We speak to thematic concerns such as climate finance, new and traditional variations of sustainable economics or any number of other favored areas of investment focus and 

work to advance our individual firm or network agendas 

but do not address the more immediate threats of operating within a system of increasing American authoritarianism which fundamentally threatens our organizations and initiatives much less the causes and communities we seek to promote or claim to protect.

I acknowledge many may be working in silence and to the side, largely out of sight. 

And do certainly wish all the best to those quietly moving to protect themselves, their investees and by extension our larger community. 

And yes, the good work of the U.S. Impact Investing Alliance and US-SIF is to be supported, advanced and applauded. Yet these groups should not be expected to carry a solitary banner through periodic initiatives and visits to the Hill absent what should be a constant drum beat from each of us standing on our own yet together. 

I am confused by the general silence of our field in that over the past thirty-five years (of at least my time in this community) we have consistently grown our assets as well as the numbers of those marching under the banner of impact and sustainability.

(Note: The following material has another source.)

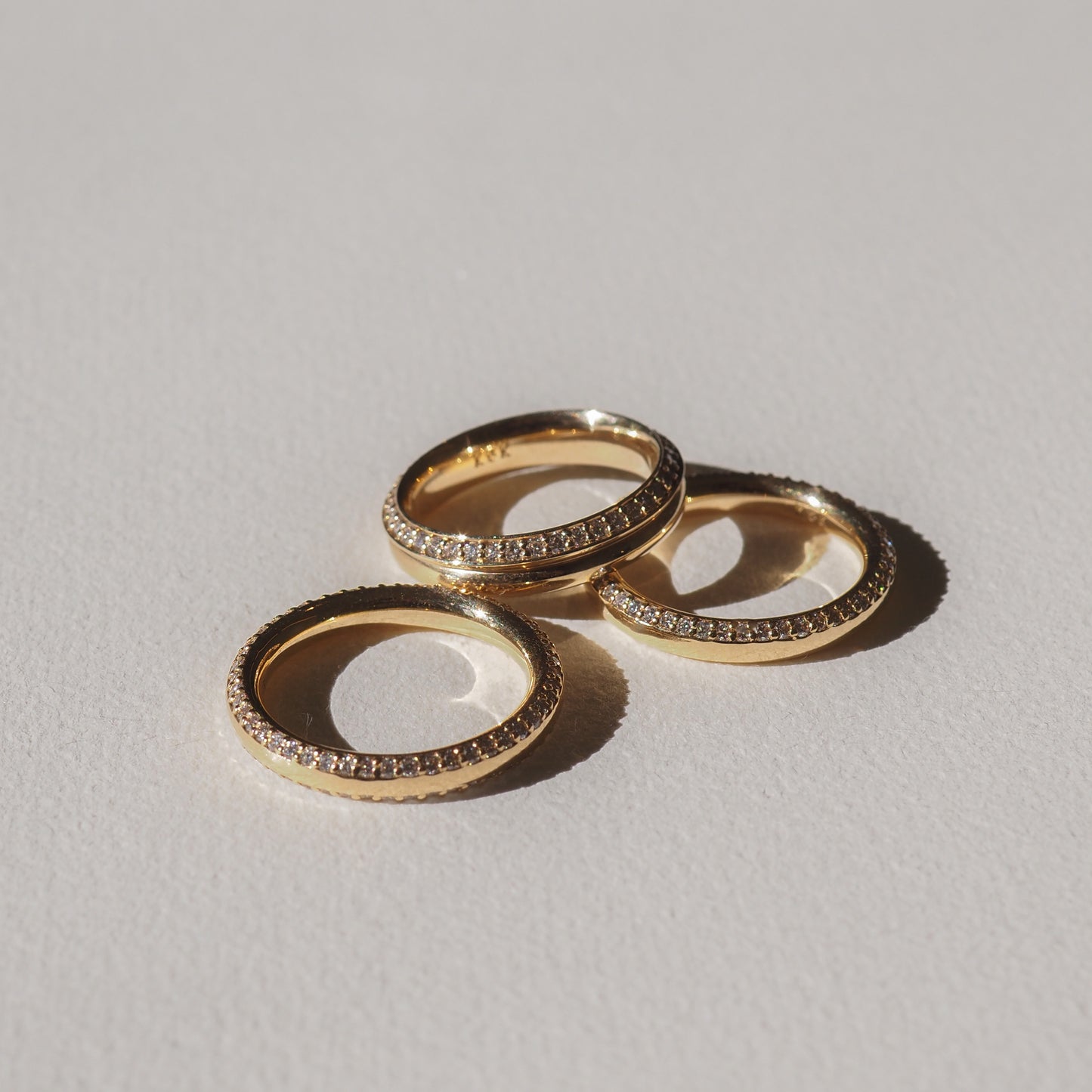 Three gold rings with small embedded diamonds arranged on a light surface, casting subtle shadows. Perfect for luxury jewellery enthusiasts.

Having now raised trillions of dollars for impact and gathered thousands of practitioners, I find it more than awkward to realize our parade has dwindled so significantly just at the time when showing up in force with full-throated voice is most critical, certainly for the Other if not for ourselves.

Regardless of religious tradition or secular philosophy, we might keep in mind the words, “To whom much is given, much is required,” as we now regroup to better position ourselves and our community for the critical future actions required if we are to step out of a posture of complicity and capitulation toward one of engagement and full presence in the face of a newly refreshed version of American authoritarianism which now increasingly slides toward fascism.

Again, let me be clear:

I do not claim to have the answer. And I am not advocating for a single solution or response from our community.

But surely having consistent public voice and vision in this moment is required if we are to maintain our posture of commitment to what I thought were our core values and beliefs as a field of practice: Empowerment. Diversity of representation. Transparent governance and access to resources. Active and positive stewardship and deployment of capital toward the generation of more than financial returns alone.

If we are each going to be able to look at our reflection in the mirror in coming years, we must first reflect on one key question:

How are we called to show up in the face of rising authoritarianism of this time?

There is not a single “right” answer and that answer will itself no doubt continue to evolve in light of ongoing challenges, but I would ask each of us to step up and into a new, expanded understanding of how we are called to be present in support of our field, our colleagues, our stakeholder communities and our core values and mission.

In coming posts, I will explore the questions we must ask ourselves as we find our way forward. I will outline a bit of how I believe purpose driven organizations, impact investors and capital activists might consider showing up in the world, at this time and in this moment.

Whatever your response to this challenging moment, I believe we should each consider how best to step up our presence and voice, given this was the entire purpose of our field’s being created. 

“Impact” is our vocational calling card and the heart of the work in which we thought we were engaged; namely, to consistently promote and advance greater equity, justice, diversity and sustainability in the world through the active deployment of various types of capital and innovative management of organizations, whether nonprofit or for-profit. It is quite literally in our name:

Impact investing.

Otherwise, tell me this: How does our cause differ from the lobbying and positioning efforts of actors within traditional finance and corporate management who have left the field of play and battle now in exclusive pursuit of profit alone?